Getters act by chemically combining with residual or infiltrating gases, but are unable to counteract (non-reactive) inert gases. A known problem, mostly affecting valves with large envelopes such as cathode-ray tubes and camera tubes such as iconoscopes, orthicons, and image orthicons, comes from helium infiltration. The effect appears as impaired or absent functioning, and as a diffuse glow along the electron stream inside the tube. This effect cannot be rectified (short of re-evacuation and resealing), and is responsible for working examples of such tubes becoming rarer and rarer. Unused ("New Old Stock") tubes can also exhibit inert gas infiltration, so there is no long-term guarantee of these tube types surviving into the future.
Transmitting tubes
Large transmitting tubes have carbonized tungsten filaments containing a small trace (1% to 2%) of thorium. An extremely thin (molecular) layer of thorium atoms forms on the outside of the wire's carbonized layer and, when heated, serve as an efficient source of electrons. The thorium slowly evaporates from the wire surface, while new thorium atoms diffuse to the surface to replace them. Such thoriated tungsten cathodes usually deliver lifetimes in the tens of thousands of hours. The end-of-life scenario for a thoriated-tungsten filament is when the carbonized layer has mostly been converted back into another form of tungsten carbide and emission begins to drop off rapidly; a complete loss of thorium has never been found to be a factor in the end-of-life in a tube with this type of emitter. WAAY-TV in Huntsville, Alabama achieved 163,000 hours (18.6 years) of service from an Eimac external cavity klystron in the visual circuit of its transmitter; this is the highest documented service life for this type of tube. It has been said that transmitters with vacuum tubes are better able to survive lightning strikes than transistor transmitters do. While it was commonly believed that vacuum tubes were more efficient than solid-state circuits at RF power levels above approximately 20 kilowatts, this is no longer the case, especially in medium wave (AM broadcast) service where solid-state transmitters at nearly all power levels have measurably higher efficiency. FM broadcast transmitters with solid-state power amplifiers up to approximately 15 kW also show better overall power efficiency than tube-based power amplifiers.
Receiving tubes
Cathodes in small "receiving" tubes are coated with a mixture of barium oxide and strontium oxide, sometimes with addition of calcium oxide or aluminium oxide. An electric heater is inserted into the cathode sleeve and insulated from it electrically by a coating of aluminum oxide. This complex construction causes barium and strontium atoms to diffuse to the surface of the cathode and emit electrons when heated to about 780 degrees Celsius.
Failure modes
Catastrophic failures
A catastrophic failure is one that suddenly makes the vacuum tube unusable. A crack in the glass envelope will allow air into the tube and destroy it. Cracks may result from stress in the glass, bent pins or impacts; tube sockets must allow for thermal expansion, to prevent stress in the glass at the pins. Stress may accumulate if a metal shield or other object presses on the tube envelope and causes differential heating of the glass. Glass may also be damaged by high-voltage arcing.
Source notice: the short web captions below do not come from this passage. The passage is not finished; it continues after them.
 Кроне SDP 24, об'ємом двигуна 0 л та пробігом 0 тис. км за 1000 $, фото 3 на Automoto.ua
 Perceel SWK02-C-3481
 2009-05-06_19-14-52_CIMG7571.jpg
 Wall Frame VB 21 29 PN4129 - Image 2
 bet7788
Tube heaters may also fail without warning, especially if exposed to over voltage or as a result of manufacturing defects. Tube heaters do not normally fail by evaporation like lamp filaments since they operate at much lower temperature. The surge of inrush current when the heater is first energized causes stress in the heater and can be avoided by slowly warming the heaters, gradually increasing current with a NTC thermistor included in the circuit. Tubes intended for series-string operation of the heaters across the supply have a specified controlled warm-up time to avoid excess voltage on some heaters as others warm up. Directly heated filament-type cathodes as used in battery-operated tubes or some rectifiers may fail if the filament sags, causing internal arcing. Excess heater-to-cathode voltage in indirectly heated cathodes can break down the insulation between elements and destroy the heater.
Arcing between tube elements can destroy the tube. An arc can be caused by applying voltage to the anode (plate) before the cathode has come up to operating temperature, or by drawing excess current through a rectifier, which damages the emission coating. Arcs can also be initiated by any loose material inside the tube, or by excess screen voltage. An arc inside the tube allows gas to evolve from the tube materials, and may deposit conductive material on internal insulating spacers.
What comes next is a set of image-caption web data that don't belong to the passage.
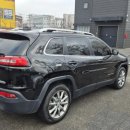 민카써비스 이미지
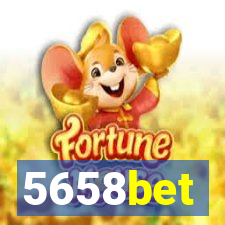 5658bet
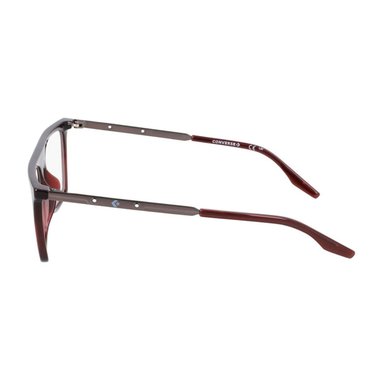 MONTURA HOMBRE CV8009 602 53 CONVERSE - 3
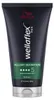 Wellaflex Men All Day Definition Gel Ultra Starker Halt Produktbild-Vorschau 1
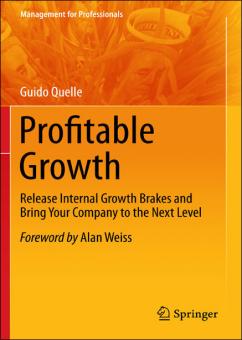 Profitable Growth 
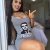 Gebze Pendik Escort Bayan Ebru - Image 3 Gebze Pendik Escort Bayan Ebru - Image 3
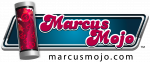 marcus mojo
Tube rectifiers have limited current capability and exceeding ratings will eventually destroy a tube.
Degenerative failures
Degenerative failures are those caused by the slow deterioration of performance over time.
Overheating of internal parts, such as control grids or mica spacer insulators, can result in trapped gas escaping into the tube; this can reduce performance. A getter is used to absorb gases evolved during tube operation but has only a limited ability to combine with gas. Control of the envelope temperature prevents some types of gassing. A tube with an unusually high level of internal gas may exhibit a visible blue glow when plate voltage is applied. The getter (being a highly reactive metal) is effective against many atmospheric gases but has no (or very limited) chemical reactivity to inert gases such as helium. One progressive type of failure, especially with physically large envelopes such as those used by camera tubes and cathode-ray tubes, comes from helium infiltration. The exact mechanism is not clear: the metal-to-glass lead-in seals are one possible infiltration site.
Gas and ions within the tube contribute to grid current which can disturb operation of a vacuum-tube circuit. Another effect of overheating is the slow deposit of metallic vapors on internal spacers, resulting in inter-element leakage.
Tubes on standby for long periods, with heater voltage applied, may develop high cathode interface resistance and display poor emission characteristics. This effect occurred especially in pulse and digital circuits, where tubes had no plate current flowing for extended times. Tubes designed specifically for this mode of operation were made.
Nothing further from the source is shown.